Öncelikle okul öncesinin zorunlu eğitim kategorisine alınması önemli bir gerekliliktir. Gelişmiş ülkelerde ilk göze çarpan esas budur. Ama bu eğitim çocuk bakıcılığı seviyesinde olmamalı, akademik formasyon dahilinde planlanıp programlanmalıdır. Çıktıların çok iyi değerlendirilip süreçte geleceğin şartlarına göre düzenlenmesi gerekir.

Sayın Öztürk, “yeni açılan okullar hesap hatası yapıyor” diye bir söyleminiz var. Ne gibi hatalar yapıyorlar biraz değinebilir misiniz?

Her ilin, her bölgenin öğrenci yapısı, standartları farklıdır. Bir yandan 20 yıl 50 yıl boyunca uzun süre ayakta kalan, bir yandan da daha ikinci yılında kapısına kilit vurulan okullar var. Bunun nedeni doğru ya da yanlış alınan stratejik kararlar. Önce çok iyi bir analiz yapılmalıdır. Yeni açılan bazı okullar hesap hatası yapıyorlar. Okulumuzu açtığımızda bizim ciddi bir sermayemiz vardı. Böyle önemli bir sektöre sermayesiz girilmez. Sermayeyi iyi yönetmeli. Yüksek maliyetlerin karşılığını bu okul enflasyonunda almak mümkün değil. Öğretmenin de ruhunu bilmeli. Siz farklı okullardan topladığınız öğretmen ve öğrencilerden bir anda bir ruh, bir ekol oluşturamazsınız. Ticari düşünerek hareket ederseniz o okul yaşamaz.

Bugün ne yazık ki açılan okulların en büyük hatası aynı anda bütün sınıflara öğrenci almak. Kurumsal kültür ve ekonomik açıdan çok yanlış bir adım bu. Biz emin adımlarla aşama aşama büyüdük.

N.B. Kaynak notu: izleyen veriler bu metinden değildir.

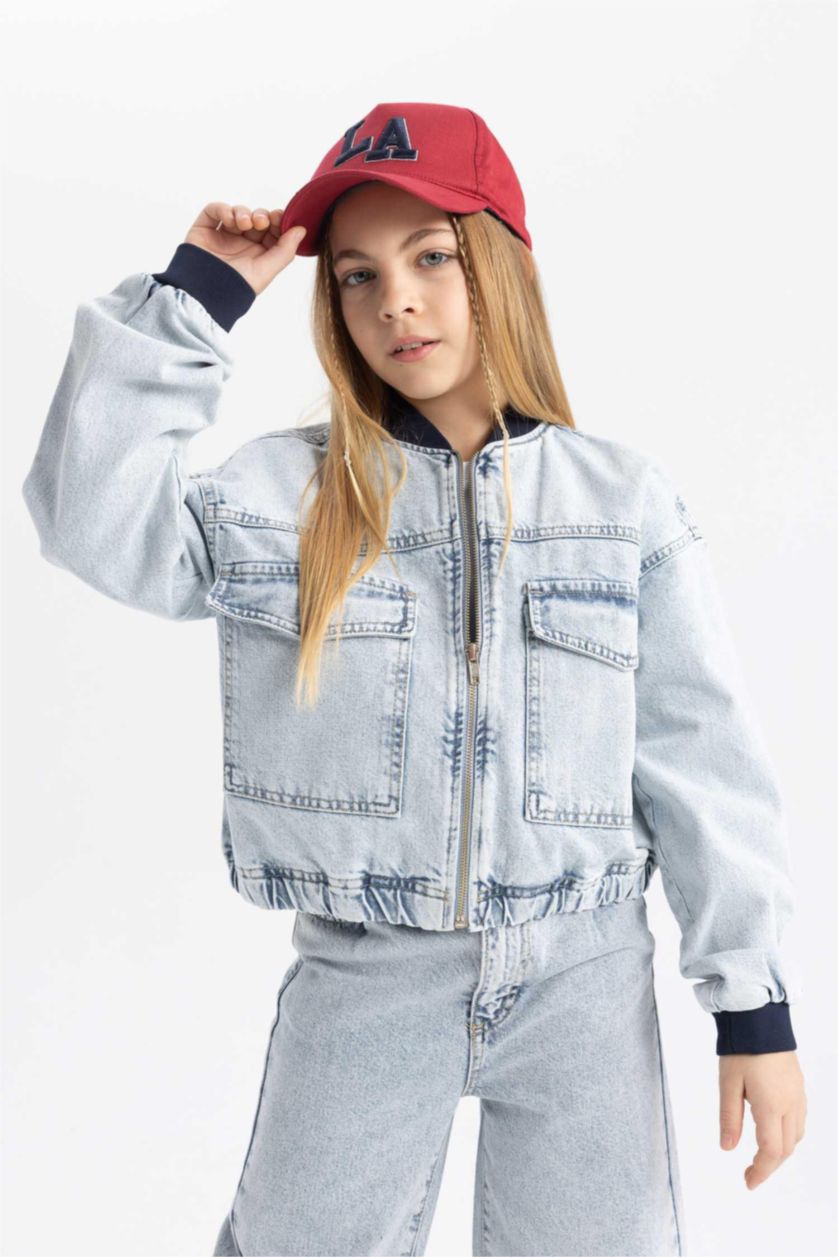 GIRLS & TEENS Light Blue Girl Bomber Collar Denim Jacket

Salt ticari kaygılarla eğitim işine girmek, eğitimi sadece bir iş olarak görmek, sonu kesinlikle hüsran olan bir serüvendir. Bu yüzden eğitime gönül verecek yatırımcıların gerçekten de samimi olmaları ve hesaplarını doğru yapmaları gerekir.

Özel okulların başarısı sizce hangi kriterlere bağlıdır?

Yabancı dil, kaliteli akademik eğitim, ulusal ve uluslararası projelere katılım, kurum kültürü, güçlü iletişim, öğrencisine ve öğretmenine verdiği değer, sanat, spor; kısaca hayata dair her şeyi verebilen okul başarılı olur.